The Automatic Trap Company Inc. is an example of changes occurring in rodent control. They’ve been the exclusive distributor of the Goodnature product line in the U.S. and Canada for seven years, handling direct relationships with universities, corporations and pest control companies, along with managing online sales.

Their revolutionary, automatically resetting traps are CO2-powered. Enticed by an attractant, rodents are lured inside to be instantly incapacitated by a single, powerful pneumatic strike. The trap resets and becomes ready for the next rodent. The uniquely designed attractants continue to draw in more rodents for constant functionality, while dead carcasses are carried away by scavengers without the risk of poisoning.

“Using older-style snap traps can be a messy business,” says Blair Calder, president of Automatic Trap Company. “Plus, it’s not always effective, trapping only legs and tails. No one wants to go searching for a rat partially caught in a trap.”

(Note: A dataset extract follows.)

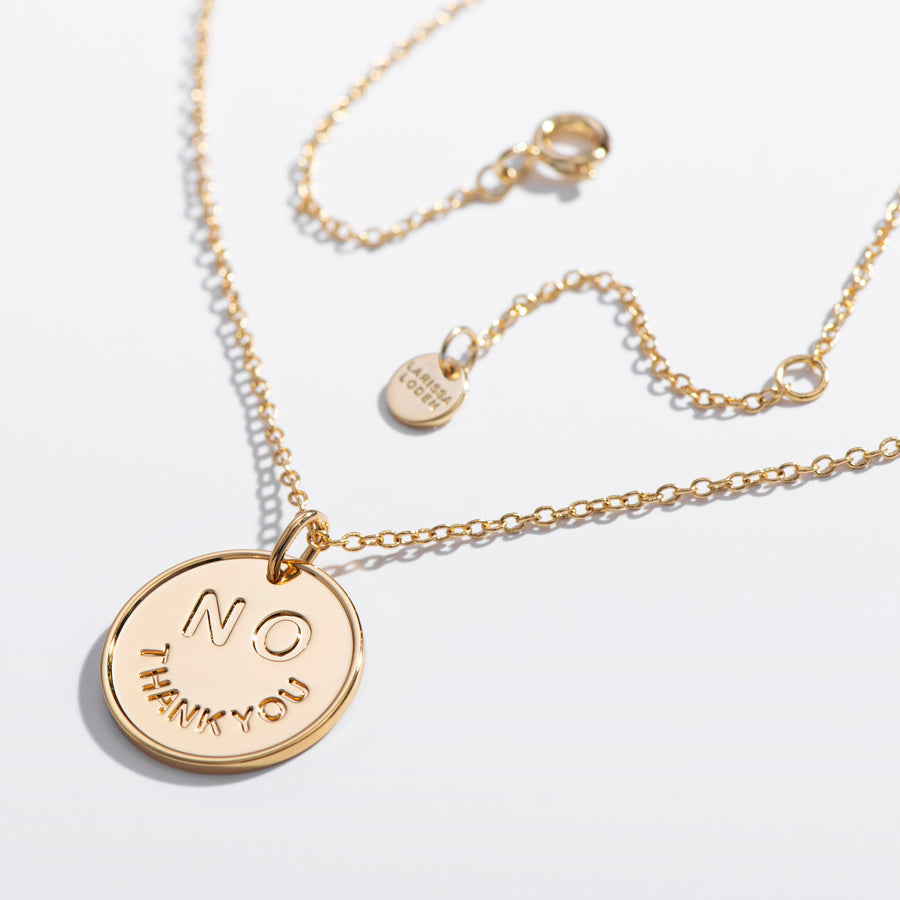 No Thank You Necklace | Jewelry For How You Really Feel | Larissa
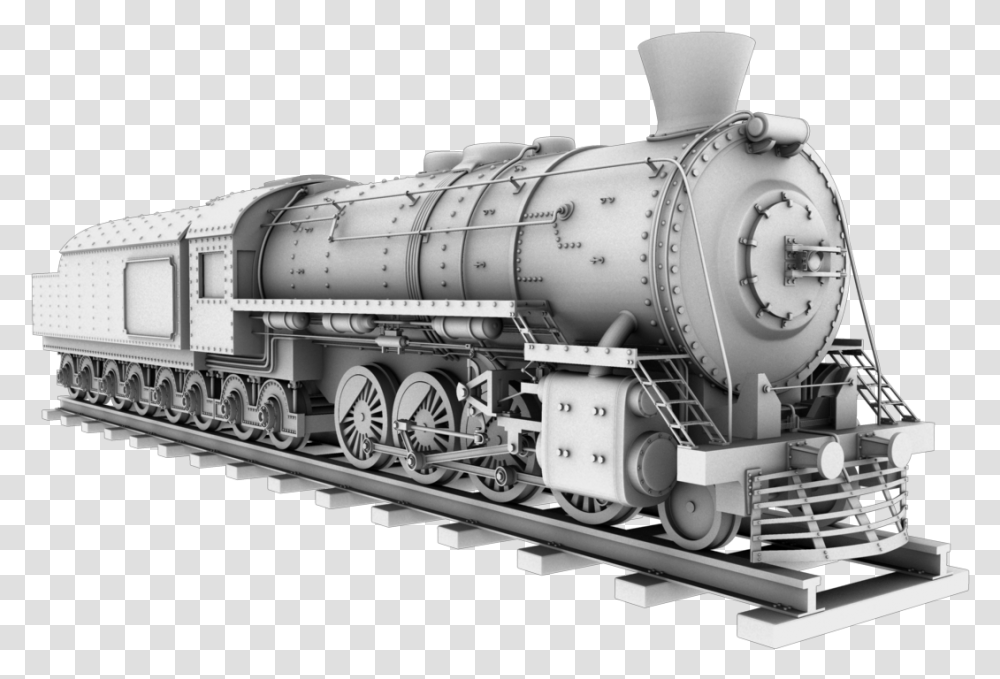 Train Free 3d Model, Locomotive, Vehicle, Transportation, Wheel Transparent Png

Poison being phased out due to improved understanding

For multikill purposes, poisoning has long fit the bill.

“The problem with poison is it doesn’t stop killing at the rodent,” Calder says. “The rat eats it, and any number of predators including coyotes, possums, raccoons, bears, falcons, hawks, eagles and other scavengers all feast on the dead rat, in turn becoming poisoned themselves.”

Calder says our ability to understand poison's effect on the bigger picture is improving. We’re realizing how disruptive these toxins are, not only for mice and rats but everything that preys on them. He says every year, 70,000 veterinary calls are placed regarding accidental rodenticide poisoning in the U.S. More and more municipalities, states and provinces are recognizing the seriousness of rodenticides and are making them more difficult to access.

“The U.S. market is heading in this direction,” Calder says. “We’re understanding more of the danger. Simply letting homeowners access industrial-strength toxins isn’t a good idea. Pest control officers still need to use it in certain situations, but we need to have a better strategy.”

Calder believes these operators and related companies are responding to consumer demands as they become more knowledgeable of the dangers of toxic poisoning. In turn, they’re beginning to offer more and more environmentally friendly solutions.

“It’s not possible for us to coexist with rodents,” Calder says. “The impact they have on building structures, properties and, of course, spreading diseases must be minimized. For farmers and ranchers, death is a part of life as they constantly deal with their animals’ life cycles. Technology advances are appealing, as they add value to their own management and performance, plus feature a more humane method of controlling pests.”